フライフィッシングの流行が去り、本当に好きな人が静かにこの釣りを楽しむいい時代になった
フライフィッシングが日本の一般社会で流行したといえる時期は、おそらく1990年代の前半から後半ぎりぎりだろう。体感的に、現在のフライフィッシングの市場規模はよく見積もって当時の10分の1以下であろうと思う。釣りは資源とスペースを消費する遊びであるから、競争相手は少ないほうがいい。好きものがコソコソと楽しむくらいでちょうどいいのはたしかだ。
とはいえ、フライフィッシングという遊びはべらぼうに奥が深くて、ただの釣りのひとつのカテゴライズでおさまるはずもないほどにすばらしい魅力がある。もっとたくさんの人にその喜びを知ってもらいたいなあと、個人的には思う。

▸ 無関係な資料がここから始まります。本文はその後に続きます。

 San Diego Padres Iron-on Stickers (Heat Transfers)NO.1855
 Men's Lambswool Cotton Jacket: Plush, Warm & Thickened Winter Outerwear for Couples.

『ア・フライフィッシャーズ・ライフ ある釣師の覚え書き』と、『水生昆虫アルバム A Fly Fisher’s View』は、フライフィッシングの深淵をのぞくのに最適の両巨頭である。
新訳『ア・フライフィッシャーズ・ライフ ある釣師の覚え書き』(シャルル・リッツ著/柴野邦彦訳)は、未知谷さんから発刊されている。こんな時代に大著を送り出す版元の心意気にも拍手を。